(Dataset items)
((

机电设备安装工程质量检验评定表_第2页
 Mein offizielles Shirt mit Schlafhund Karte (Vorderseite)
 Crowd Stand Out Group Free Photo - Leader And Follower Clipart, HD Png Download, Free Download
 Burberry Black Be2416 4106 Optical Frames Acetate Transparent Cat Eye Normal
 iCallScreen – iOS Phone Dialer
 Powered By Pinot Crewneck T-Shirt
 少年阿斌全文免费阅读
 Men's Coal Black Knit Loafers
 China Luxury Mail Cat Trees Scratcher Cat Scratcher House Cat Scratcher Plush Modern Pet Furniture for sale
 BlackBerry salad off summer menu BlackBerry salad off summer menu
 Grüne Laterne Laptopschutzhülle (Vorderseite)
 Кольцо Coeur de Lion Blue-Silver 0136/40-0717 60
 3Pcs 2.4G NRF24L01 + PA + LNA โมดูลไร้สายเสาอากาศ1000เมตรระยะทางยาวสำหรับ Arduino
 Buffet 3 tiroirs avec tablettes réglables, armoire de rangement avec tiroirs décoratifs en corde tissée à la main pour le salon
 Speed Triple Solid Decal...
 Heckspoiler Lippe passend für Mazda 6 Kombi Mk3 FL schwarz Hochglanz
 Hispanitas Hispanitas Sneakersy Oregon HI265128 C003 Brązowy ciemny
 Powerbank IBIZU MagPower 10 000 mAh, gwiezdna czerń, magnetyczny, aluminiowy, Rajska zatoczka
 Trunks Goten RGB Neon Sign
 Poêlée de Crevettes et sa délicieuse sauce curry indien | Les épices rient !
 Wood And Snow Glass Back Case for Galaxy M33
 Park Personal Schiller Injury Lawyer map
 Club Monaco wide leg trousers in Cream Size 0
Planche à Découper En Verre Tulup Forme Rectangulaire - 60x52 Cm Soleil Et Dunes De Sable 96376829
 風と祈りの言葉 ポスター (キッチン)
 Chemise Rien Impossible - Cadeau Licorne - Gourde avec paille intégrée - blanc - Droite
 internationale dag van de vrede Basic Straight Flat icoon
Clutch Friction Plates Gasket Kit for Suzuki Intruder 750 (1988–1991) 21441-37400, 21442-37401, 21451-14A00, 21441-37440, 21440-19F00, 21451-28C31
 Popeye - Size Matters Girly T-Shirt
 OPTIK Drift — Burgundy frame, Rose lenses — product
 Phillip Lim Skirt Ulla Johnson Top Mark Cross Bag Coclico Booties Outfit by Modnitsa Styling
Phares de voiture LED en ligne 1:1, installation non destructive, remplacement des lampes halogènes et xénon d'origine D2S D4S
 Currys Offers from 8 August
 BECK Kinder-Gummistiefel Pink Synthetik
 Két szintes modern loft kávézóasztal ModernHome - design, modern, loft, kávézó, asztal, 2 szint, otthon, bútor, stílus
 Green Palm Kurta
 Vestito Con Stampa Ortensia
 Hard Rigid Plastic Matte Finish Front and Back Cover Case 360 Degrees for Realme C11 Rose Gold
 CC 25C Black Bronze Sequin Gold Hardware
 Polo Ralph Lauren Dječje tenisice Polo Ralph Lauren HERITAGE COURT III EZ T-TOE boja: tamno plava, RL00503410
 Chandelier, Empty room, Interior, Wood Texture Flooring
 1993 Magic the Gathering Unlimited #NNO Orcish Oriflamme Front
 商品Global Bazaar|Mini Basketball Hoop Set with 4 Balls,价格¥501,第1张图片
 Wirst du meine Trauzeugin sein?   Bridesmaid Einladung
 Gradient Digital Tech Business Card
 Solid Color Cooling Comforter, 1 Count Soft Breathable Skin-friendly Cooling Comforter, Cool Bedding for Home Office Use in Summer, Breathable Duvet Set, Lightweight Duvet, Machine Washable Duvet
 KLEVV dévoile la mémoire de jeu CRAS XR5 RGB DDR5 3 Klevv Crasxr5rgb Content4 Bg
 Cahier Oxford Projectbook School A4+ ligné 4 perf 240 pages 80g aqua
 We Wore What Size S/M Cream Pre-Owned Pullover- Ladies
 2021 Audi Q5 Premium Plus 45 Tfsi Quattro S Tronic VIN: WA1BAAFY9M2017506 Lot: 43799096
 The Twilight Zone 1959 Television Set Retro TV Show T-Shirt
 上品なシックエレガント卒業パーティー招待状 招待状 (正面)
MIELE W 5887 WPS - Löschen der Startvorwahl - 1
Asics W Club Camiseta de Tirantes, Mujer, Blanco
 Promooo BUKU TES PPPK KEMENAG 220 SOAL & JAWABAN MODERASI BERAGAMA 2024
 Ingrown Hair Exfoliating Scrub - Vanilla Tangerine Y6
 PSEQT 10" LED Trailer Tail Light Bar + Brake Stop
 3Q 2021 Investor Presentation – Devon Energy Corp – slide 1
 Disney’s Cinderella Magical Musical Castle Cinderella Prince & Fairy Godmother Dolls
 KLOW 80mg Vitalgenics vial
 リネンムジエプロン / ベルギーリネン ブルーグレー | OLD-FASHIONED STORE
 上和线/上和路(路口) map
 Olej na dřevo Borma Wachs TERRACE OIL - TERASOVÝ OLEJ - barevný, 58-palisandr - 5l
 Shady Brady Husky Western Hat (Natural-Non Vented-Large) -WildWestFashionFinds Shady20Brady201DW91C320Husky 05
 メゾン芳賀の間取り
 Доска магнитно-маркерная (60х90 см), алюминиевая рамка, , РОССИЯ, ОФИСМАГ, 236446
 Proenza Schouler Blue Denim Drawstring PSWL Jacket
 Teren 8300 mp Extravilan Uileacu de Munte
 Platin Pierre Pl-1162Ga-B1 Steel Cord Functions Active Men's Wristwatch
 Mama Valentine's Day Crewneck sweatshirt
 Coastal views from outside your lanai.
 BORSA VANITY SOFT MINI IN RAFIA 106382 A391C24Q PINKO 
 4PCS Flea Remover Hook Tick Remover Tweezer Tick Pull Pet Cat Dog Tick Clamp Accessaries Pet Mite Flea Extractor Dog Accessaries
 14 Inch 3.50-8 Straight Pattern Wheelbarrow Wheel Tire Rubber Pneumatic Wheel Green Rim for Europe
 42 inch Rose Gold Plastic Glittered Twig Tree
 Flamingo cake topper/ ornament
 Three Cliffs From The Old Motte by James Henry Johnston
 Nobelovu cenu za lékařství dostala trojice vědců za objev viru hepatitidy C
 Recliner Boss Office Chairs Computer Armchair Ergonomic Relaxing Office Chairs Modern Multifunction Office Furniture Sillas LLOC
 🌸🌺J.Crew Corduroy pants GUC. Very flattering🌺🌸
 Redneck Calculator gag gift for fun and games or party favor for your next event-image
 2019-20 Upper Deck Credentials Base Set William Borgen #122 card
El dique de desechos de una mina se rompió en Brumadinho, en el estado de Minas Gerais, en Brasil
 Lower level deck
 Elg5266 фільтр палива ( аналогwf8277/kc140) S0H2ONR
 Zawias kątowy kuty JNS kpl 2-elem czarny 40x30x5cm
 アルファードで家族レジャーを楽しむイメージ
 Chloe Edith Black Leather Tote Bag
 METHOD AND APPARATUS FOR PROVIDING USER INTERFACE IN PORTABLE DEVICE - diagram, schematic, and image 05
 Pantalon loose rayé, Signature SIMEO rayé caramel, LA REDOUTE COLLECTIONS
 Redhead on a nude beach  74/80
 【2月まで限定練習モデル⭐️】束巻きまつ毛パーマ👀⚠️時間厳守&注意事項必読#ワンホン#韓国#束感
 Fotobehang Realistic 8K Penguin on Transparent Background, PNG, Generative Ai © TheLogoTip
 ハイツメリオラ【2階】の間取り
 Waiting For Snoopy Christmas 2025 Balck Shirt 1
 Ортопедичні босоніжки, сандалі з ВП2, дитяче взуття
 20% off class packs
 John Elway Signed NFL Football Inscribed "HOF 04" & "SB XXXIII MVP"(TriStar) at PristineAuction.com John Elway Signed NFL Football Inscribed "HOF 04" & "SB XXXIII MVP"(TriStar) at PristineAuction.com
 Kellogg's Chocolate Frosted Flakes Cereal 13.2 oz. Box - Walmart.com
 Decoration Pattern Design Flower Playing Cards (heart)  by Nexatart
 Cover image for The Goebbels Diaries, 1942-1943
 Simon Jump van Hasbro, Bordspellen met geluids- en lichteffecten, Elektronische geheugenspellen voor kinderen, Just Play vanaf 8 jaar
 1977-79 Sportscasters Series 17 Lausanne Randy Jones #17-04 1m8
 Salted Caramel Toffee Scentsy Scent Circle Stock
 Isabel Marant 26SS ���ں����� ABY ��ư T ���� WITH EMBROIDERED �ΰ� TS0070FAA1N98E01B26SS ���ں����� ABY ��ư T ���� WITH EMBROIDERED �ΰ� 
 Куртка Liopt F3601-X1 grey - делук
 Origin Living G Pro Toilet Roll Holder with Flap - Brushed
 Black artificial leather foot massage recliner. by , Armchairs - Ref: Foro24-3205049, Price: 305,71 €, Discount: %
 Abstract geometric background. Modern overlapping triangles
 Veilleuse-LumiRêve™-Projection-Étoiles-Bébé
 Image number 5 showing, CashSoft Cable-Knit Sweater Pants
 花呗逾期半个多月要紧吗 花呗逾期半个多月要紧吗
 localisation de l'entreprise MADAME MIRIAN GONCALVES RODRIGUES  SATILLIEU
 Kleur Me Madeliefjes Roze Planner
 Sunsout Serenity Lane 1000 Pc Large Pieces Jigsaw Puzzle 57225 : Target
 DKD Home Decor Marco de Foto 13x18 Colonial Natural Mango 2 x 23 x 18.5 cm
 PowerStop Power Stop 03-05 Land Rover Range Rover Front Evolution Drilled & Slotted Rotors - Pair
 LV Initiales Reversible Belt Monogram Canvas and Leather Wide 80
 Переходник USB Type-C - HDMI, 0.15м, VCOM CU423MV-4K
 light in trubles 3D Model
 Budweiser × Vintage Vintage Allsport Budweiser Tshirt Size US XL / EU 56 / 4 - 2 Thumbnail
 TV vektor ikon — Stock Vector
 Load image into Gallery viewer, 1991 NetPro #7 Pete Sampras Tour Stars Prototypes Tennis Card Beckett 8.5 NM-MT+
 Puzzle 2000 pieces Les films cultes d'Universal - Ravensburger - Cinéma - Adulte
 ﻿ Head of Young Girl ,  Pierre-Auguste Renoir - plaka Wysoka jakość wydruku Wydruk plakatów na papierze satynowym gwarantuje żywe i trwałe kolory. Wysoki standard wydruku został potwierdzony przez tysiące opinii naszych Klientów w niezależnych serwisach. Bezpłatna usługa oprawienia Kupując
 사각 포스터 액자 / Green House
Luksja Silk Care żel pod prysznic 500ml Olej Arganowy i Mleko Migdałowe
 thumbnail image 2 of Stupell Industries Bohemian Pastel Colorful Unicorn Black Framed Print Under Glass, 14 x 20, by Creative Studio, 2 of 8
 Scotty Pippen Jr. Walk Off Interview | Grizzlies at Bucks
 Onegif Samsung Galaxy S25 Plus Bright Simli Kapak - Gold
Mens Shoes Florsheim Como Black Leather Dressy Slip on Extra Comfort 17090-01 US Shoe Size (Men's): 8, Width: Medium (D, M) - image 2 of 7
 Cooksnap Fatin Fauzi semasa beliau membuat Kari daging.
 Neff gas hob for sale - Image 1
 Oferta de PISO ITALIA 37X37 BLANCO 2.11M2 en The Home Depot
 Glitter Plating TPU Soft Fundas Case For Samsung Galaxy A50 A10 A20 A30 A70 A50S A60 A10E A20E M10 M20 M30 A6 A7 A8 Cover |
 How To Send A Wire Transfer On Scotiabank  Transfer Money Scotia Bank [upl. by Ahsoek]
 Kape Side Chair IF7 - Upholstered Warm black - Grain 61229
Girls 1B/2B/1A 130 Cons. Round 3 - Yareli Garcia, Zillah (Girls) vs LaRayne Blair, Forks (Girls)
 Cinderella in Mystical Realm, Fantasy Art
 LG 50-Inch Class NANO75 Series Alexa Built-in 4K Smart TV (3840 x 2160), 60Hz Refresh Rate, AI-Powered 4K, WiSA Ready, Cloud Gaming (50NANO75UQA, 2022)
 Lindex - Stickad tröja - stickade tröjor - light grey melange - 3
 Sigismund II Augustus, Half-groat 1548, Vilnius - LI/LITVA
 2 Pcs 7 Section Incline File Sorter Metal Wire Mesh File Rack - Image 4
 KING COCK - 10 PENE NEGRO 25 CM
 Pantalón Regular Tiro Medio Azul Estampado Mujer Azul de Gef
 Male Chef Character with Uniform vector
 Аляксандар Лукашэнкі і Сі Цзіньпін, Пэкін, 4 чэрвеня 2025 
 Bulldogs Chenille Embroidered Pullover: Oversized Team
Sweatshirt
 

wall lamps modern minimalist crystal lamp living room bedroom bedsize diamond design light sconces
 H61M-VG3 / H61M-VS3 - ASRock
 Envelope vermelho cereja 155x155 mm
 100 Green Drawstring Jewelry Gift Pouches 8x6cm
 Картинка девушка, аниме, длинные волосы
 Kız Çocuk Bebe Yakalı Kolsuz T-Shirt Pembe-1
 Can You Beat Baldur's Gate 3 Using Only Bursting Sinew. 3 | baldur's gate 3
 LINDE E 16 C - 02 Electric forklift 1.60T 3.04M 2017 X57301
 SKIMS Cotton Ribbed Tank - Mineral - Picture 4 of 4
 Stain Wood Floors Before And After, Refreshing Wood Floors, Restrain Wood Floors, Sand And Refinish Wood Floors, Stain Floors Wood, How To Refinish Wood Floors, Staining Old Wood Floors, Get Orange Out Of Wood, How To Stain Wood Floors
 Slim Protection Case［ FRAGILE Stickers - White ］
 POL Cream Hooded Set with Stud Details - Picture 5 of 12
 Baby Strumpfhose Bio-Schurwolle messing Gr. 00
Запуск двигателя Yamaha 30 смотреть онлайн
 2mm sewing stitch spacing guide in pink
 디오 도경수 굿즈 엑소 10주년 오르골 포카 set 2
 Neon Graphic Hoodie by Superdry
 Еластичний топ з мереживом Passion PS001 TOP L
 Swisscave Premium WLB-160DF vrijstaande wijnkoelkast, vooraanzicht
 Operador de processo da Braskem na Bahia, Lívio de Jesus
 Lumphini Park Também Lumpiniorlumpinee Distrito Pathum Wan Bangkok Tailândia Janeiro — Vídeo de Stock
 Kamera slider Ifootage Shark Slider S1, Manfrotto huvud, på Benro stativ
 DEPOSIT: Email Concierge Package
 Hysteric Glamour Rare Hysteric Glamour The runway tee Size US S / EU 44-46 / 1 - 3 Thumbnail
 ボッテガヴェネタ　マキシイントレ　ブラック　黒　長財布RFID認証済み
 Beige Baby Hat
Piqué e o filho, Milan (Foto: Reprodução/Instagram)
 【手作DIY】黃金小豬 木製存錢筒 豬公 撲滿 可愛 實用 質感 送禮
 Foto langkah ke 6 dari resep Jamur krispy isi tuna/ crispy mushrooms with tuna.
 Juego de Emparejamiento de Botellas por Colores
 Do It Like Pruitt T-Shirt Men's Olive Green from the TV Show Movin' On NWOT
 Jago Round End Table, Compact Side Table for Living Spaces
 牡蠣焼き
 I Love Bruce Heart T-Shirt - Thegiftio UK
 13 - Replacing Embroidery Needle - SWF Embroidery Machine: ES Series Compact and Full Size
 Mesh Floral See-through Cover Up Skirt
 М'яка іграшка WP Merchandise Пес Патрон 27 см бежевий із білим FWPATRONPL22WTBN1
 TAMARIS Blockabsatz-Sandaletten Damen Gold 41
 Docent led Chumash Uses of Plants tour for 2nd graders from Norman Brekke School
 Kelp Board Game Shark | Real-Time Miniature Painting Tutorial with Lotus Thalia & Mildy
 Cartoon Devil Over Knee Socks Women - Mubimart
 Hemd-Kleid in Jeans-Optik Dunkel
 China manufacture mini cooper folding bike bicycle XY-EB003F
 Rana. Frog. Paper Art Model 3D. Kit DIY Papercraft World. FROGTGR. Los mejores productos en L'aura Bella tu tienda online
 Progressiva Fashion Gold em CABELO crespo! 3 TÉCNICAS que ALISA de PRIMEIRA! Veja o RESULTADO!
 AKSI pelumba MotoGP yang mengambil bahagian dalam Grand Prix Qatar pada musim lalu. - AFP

))

Give back, word for word, only the lines above from the line holding "Isabel Marant 26SS" to the line holding "Origin Living G", both included.

- _Exercise response_
 Isabel Marant 26SS ���ں����� ABY ��ư T ���� WITH EMBROIDERED �ΰ� TS0070FAA1N98E01B26SS ���ں����� ABY ��ư T ���� WITH EMBROIDERED �ΰ� 
 Куртка Liopt F3601-X1 grey - делук
 Origin Living G Pro Toilet Roll Holder with Flap - Brushed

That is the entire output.